By Greg Norman
Doonbeg has some of the most impressive dunes you’ve ever seen, making for natural green sites, so that’s really where it all began. With No. 1, I started with a setting at the base of a massive dune and worked my way backwards. I knew where the clubhouse was going to be. It was just the perfect length par five. It’s as simple as that.

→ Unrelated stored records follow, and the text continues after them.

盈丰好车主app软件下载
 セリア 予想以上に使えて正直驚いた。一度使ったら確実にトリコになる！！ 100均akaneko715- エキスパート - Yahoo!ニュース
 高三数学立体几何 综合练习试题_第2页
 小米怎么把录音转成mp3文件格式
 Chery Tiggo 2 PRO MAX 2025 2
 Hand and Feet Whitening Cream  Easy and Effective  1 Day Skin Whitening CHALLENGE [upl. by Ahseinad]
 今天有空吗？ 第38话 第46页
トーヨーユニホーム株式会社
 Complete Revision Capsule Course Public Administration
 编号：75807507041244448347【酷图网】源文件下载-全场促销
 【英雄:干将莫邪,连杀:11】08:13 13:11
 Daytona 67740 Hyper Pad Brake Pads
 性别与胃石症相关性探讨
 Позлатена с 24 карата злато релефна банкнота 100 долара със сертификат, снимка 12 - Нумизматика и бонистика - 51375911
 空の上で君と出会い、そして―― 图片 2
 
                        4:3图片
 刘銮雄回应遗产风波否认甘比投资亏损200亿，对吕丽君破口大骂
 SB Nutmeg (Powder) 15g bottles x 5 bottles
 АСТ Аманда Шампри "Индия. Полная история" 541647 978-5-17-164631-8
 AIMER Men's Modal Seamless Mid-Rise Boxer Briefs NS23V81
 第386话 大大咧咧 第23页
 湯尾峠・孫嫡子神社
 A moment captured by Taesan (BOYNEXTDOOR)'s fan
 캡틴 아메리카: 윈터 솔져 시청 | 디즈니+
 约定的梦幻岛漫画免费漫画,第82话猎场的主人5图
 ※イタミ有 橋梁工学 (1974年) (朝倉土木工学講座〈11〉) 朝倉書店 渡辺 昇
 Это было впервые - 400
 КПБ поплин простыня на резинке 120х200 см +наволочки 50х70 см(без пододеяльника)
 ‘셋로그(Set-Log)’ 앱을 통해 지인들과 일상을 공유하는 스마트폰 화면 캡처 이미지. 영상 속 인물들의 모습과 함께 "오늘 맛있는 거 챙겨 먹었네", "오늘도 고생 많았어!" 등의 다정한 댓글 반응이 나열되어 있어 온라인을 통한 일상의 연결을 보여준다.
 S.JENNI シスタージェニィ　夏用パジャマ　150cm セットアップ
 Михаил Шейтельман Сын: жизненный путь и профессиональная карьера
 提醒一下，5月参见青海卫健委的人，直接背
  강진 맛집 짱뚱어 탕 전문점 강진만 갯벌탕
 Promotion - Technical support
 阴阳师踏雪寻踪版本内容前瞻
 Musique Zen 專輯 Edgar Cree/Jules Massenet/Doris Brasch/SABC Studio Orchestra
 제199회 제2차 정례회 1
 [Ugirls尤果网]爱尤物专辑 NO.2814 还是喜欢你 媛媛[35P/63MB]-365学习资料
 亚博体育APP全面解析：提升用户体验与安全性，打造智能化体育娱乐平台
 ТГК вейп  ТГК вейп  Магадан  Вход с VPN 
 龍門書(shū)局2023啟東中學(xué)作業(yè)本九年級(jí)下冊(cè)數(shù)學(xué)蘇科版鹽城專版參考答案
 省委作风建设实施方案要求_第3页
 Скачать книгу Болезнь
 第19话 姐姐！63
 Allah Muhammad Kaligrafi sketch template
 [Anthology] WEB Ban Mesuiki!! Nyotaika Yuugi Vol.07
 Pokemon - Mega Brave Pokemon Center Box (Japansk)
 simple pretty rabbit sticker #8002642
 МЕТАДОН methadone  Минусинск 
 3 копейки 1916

The fairway is exactly how Mother Nature put it there: just about every hump, every hollow, every roll. We just mowed down the marram grass, same with the green, although we did contour it for water runoff. About the only design element I created was the little pot bunker about 45 yards from the green, but all the other bunkers are sheep and cattle blowouts. The interesting thing about that pot bunker is that it gathers a ball about 20 to 25 yards away. It looks tiny but I created a magnet effect with the ground contours, so you’ve got to be very careful on your layup. I also had to rebuild the dune a couple hundreds yards from the green on the left. It was a dumpsite full of old tractor carcasses, trash, and railway ties, so we went in there with the environmentalist and cleared out all the junk and then we restored that dune for about 80 to 100 yards and built it back to the exact most natural way it was.
With the prevailing wind off the ocean at 9 o’clock, the strategy on the tee shot is to shape it from right to left into the wider area just beyond a pot bunker and grassy mounds, which are about a 275-yard carry from the back tee. You can chase it down there and hit a low drawing shot and the ball will run forever. The other option is to lay up short of the bunker. What I love about this hole is that you can do whatever you want to do off the tee for the first shot of the day.
If you go for the green in two, you’ve got to avoid the pot bunker and have a pretty good scooter going because the green is a little elevated. The key is to keep the approach a little right to avoid all the bunkers on the left and because the ball will kick pretty good to the left.
I did about 28 routings on this course, but this green site never changed in any of them. Mother Nature built that hole; we just identified it.